What century are we living in?
In this age of Twitter, Facebook, iPhones and the internet leave it to Lilly (NYSE:LLY) to rely on old fashioned snail mail to get their message out. Over the past few months Diabetic Investor has been receiving a series of printed material from Lilly designed to help educate patients on the benefits of insulin therapy while promoting Humalog® the company’s short acting insulin. The most recent installment in this series, the sixth we have received is entitled Stepping Out and states; “This brochure has tips to help you handle many different situations that come up: When you travel, At work, When you go out, When the unexpected happens” The brochure is well designed, easy to follow and if read could be a valuable educational tool.

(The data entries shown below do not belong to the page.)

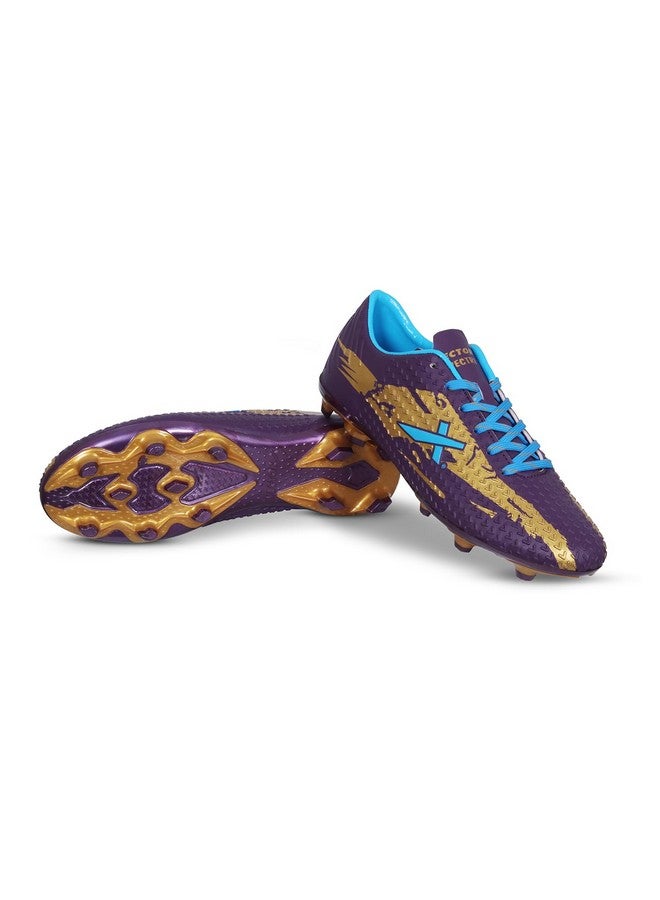 Vector X Spectre 2.0 Football Shoe/Studs, Double Colored TPU Sole, Padded Footbed, Premoulded Heel Shoe for Men (Purple-Gold, Size-4) - Image 5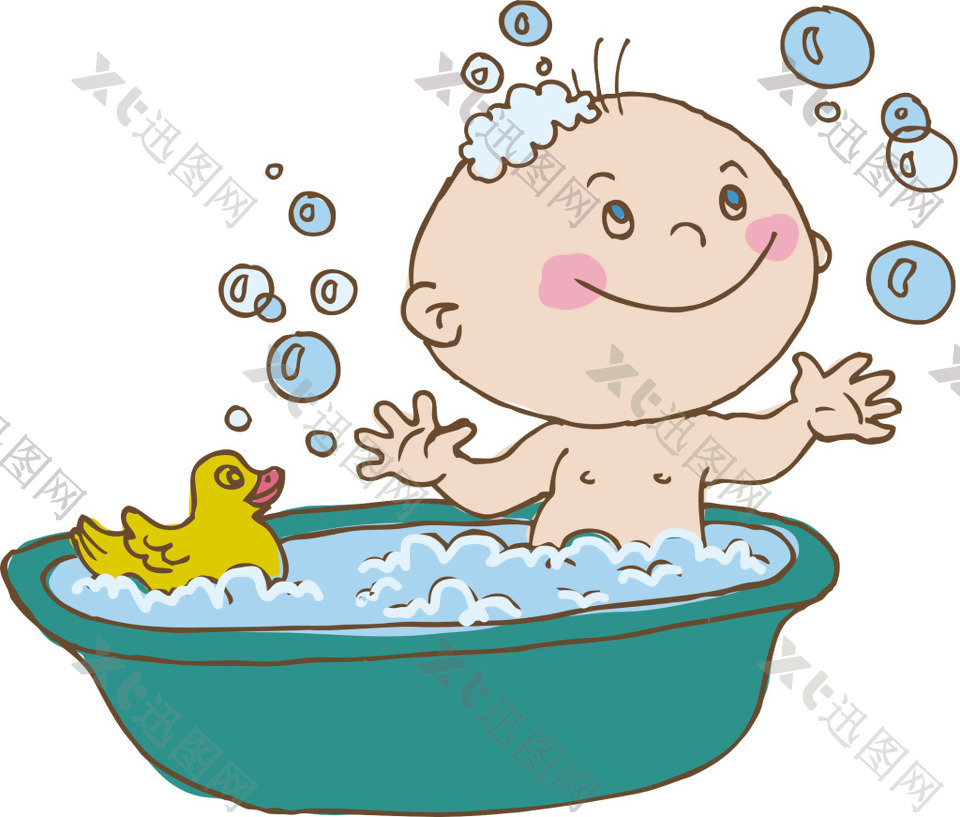 卡通儿童洗澡元素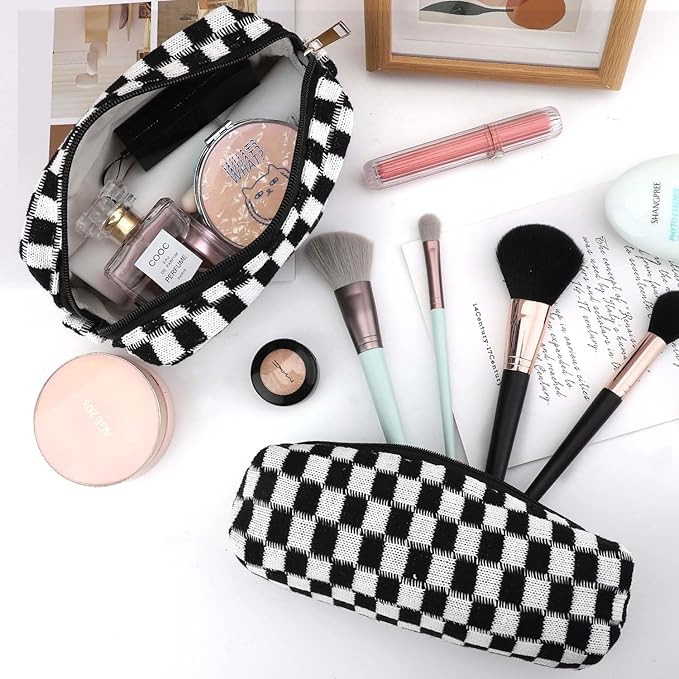 EIMMBD Makeup Bag 3 Pieces Large Capacity Checkered Cosmetic Bags Travel Toiletry Bag Organizer Cute Makeup Pouch Storage for Women(Black)
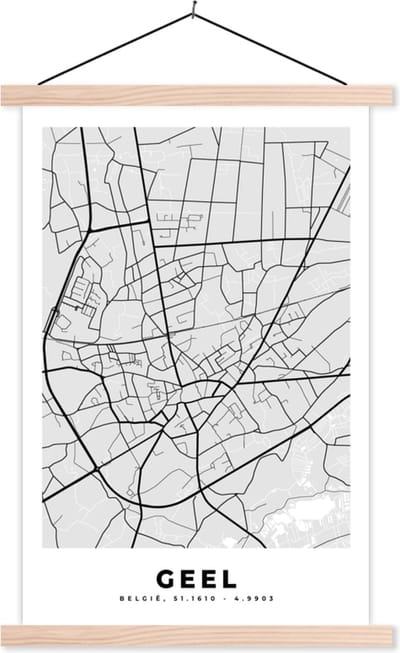 Posterhanger incl. Poster 40x60 cm - Schoolplaat - België – Geel – Stadskaart – Kaart – Zwart Wit – Plattegrond - Textielposter - Blanke latten - Stadskaart
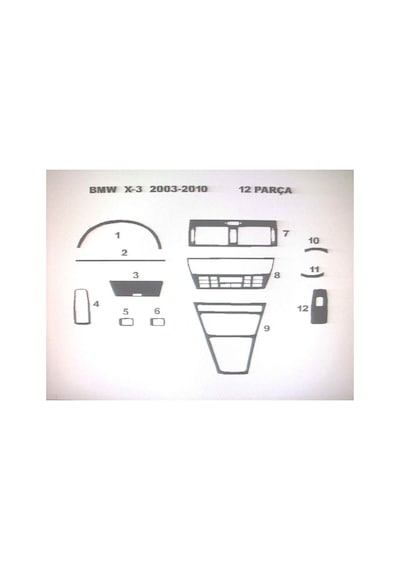 Bmw X-3 2003-2010 12 Parça Torpido Kaplama Renk Karbon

The question is; does anyone actually reading this stuff and is this cost effective. While Diabetic Investor is not an expert on printing or design this well done material surly cost the company a pretty penny; not to mention it cost Lilly $1.73 in postage to mail it. Now Diabetic Investor has no idea how many patients have signed up to receive this material, a procedure that’s actually done on the Humalog web site, but given the number of patients using Humalog it’s safe to say that the number is greater than 100,000 and most likely higher. Doing some quick back of the napkin math, even if the numbers are less than 100,000, this is a very expensive marketing program. Remember Lilly is sending patients a series of material not just one isolated brochure.
One could reason that if a patient is motivated to sign up for this material they will also be motivated to read it when it arrives. On the flip side one could also argue that these patients who sign up to receive the material on the Humalog web site have a basic understanding of technology and would be just as happy to receive this material via email. This would not only allow Lilly to be more creative with their material, using the technology would save them a ton of money and would be more environmentally friendly to boot.

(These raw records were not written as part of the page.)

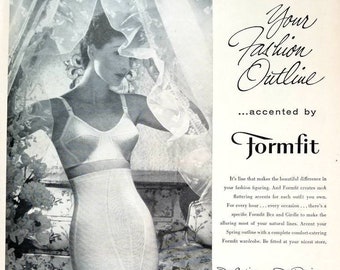 1957 women's Formfit high waist girdle garters bra fashion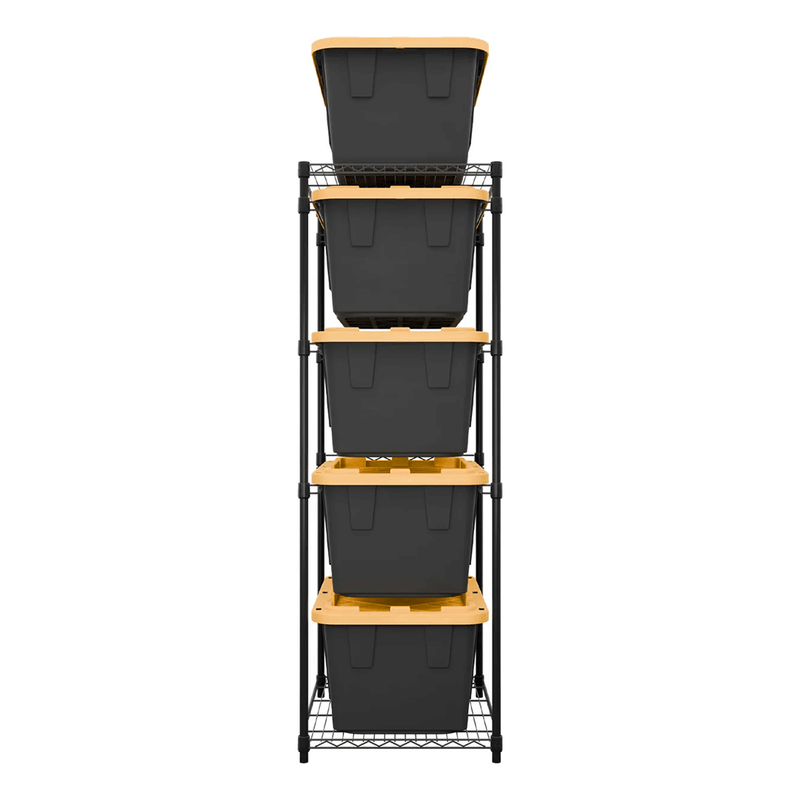 MonsterRAX Storage Bin Rack with Yellow Lid Bins (Black)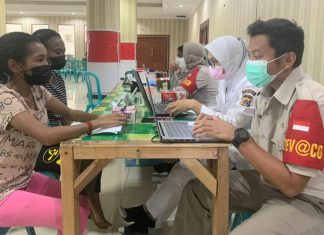 Gebyar Vaksin TNI - Polri di Masjid Raya Baiturrahim, Klofkamp, Kota Jayapura, Sabtu (25/9/2021)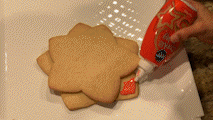 Tree cookie being decorated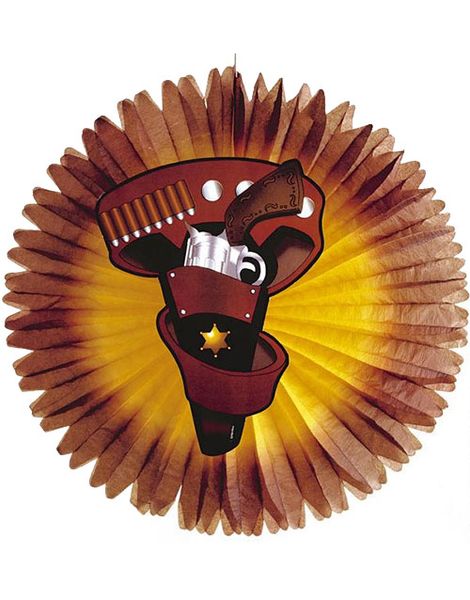Brun Stor Papirvifte med Cowboy Hylster Motiv 55 cm
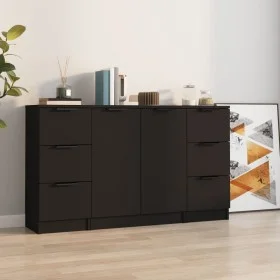 Sideboards 3 pieces black plywood by vidaXL, Sideboards - Ref: Foro24-3115837, Price: 169,62 €, Discount: %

Just as way of contrast Lilly’s main competitors, Novo Nordisk (NYSE:NVO) and Sanofi-Aventis (NYSE:SNY) are embracing the internet, email and social media to promote their insulin offerings. Just as Diabetic Investor receives snail mail from Lilly, Novo also sends Diabetic Investor material on regular basis only Novo sends it via email.

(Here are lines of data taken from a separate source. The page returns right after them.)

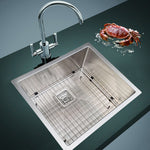 550x455mm Handmade 1.5mm Stainless Steel Undermount / Topmount Kitchen Sink with Square Waste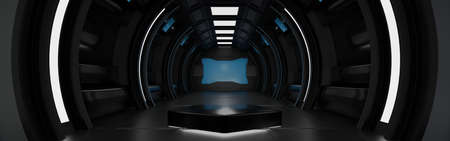 Modern Pentagon podium in spaceship or space station interior, Sci Fi tunnel, stage for product...
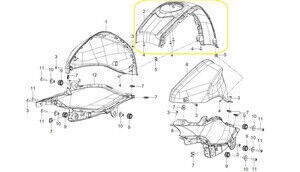 QJ SRK125R Benzin Deposu Grenajı Orta kırmızı/siyh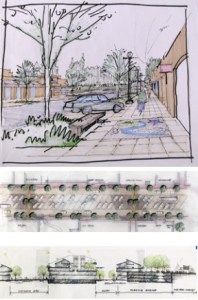 Conceptual drawings on parking improvements to emerge from the Winslow Tomorrow design charrette suggest shared space for parked cars and pedestrians (top); parking in the center of Winslow Way (middle); and a multi-level parking garage cut into the slope behind Winslow Way’s north side businesses. Designers crafted designs aimed at making parking plentiful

Sanofi Aventis who has a great series of web sites also follows Lilly’s snail mail approach with their Lantus® Connection ™ Program which allows Lantus user to sign up on the site but then sends more information via snail mail. Even stranger is the fact that if you are not a patient currently using Lantus you cannot enjoy the benefits if this program as the program is “Exclusively for LANTUS® users.” Just why Sanofi Aventis is excluding non-Lantus users and not gathering valuable information on potential new patients is anyone’s guess.
When Diabetic Investor tried to sign up and noted we were not a Lantus user we were directed to the Lantus site. While we understand why we were directed there the question is why the company didn’t direct us there after they gathered our contact information and email address. Why not capture this valuable information and send us information even if we are not currently a Lantus user. Do they not want us as a Lantus user? Would they prefer we not ask our physician about Lantus? Would it not have been smarter to capture this valuable information and send us a coupon to help us get started on Lantus?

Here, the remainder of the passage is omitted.